▶ GIVEN INFORMATION:
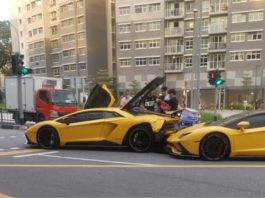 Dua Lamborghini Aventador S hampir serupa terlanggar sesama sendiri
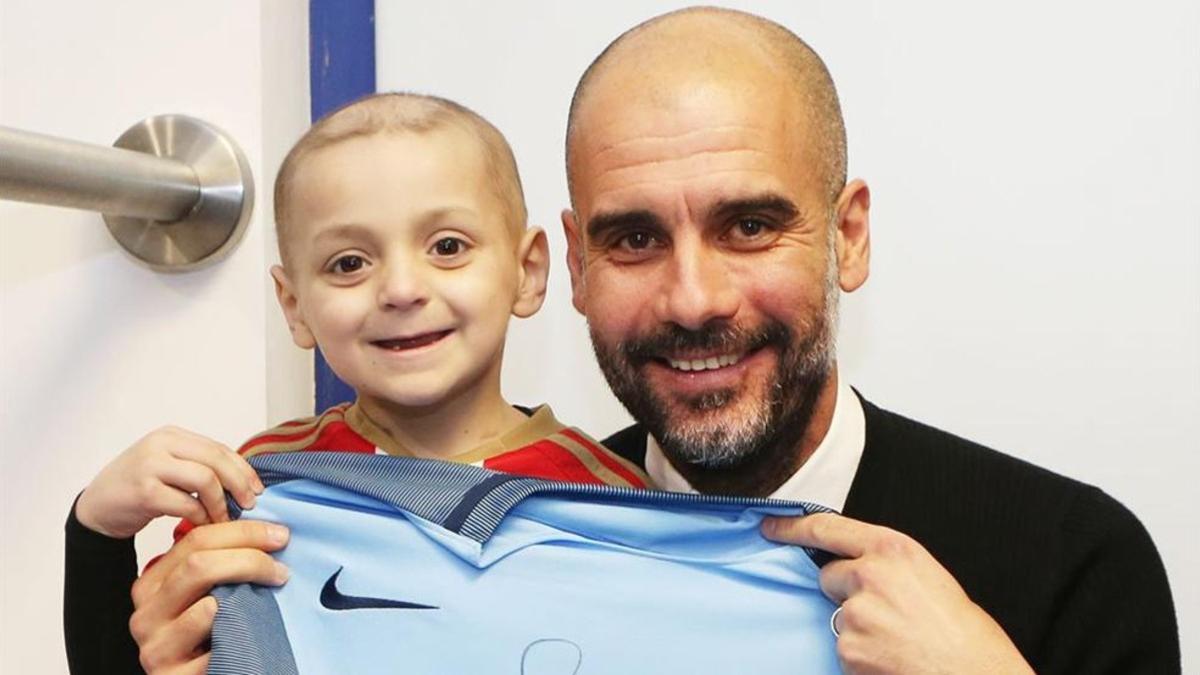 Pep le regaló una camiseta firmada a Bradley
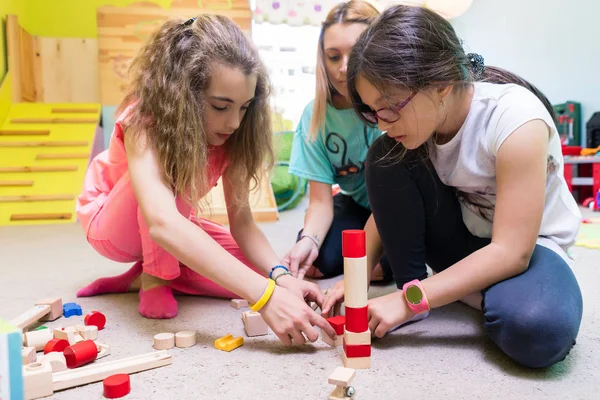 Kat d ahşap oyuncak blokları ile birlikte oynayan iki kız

==

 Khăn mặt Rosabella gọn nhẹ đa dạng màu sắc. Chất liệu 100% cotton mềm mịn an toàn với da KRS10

▶ WHAT IS NEEDED: Beginning at the line that has "Pep le regaló una camiseta firmada a Bradley" and ending at the line that has "Kat d ahşap", restate the listing above word for word, pictures left out.

▶ WORKED SOLUTION:
 Pep le regaló una camiseta firmada a Bradley
 Kat d ahşap oyuncak blokları ile birlikte oynayan iki kız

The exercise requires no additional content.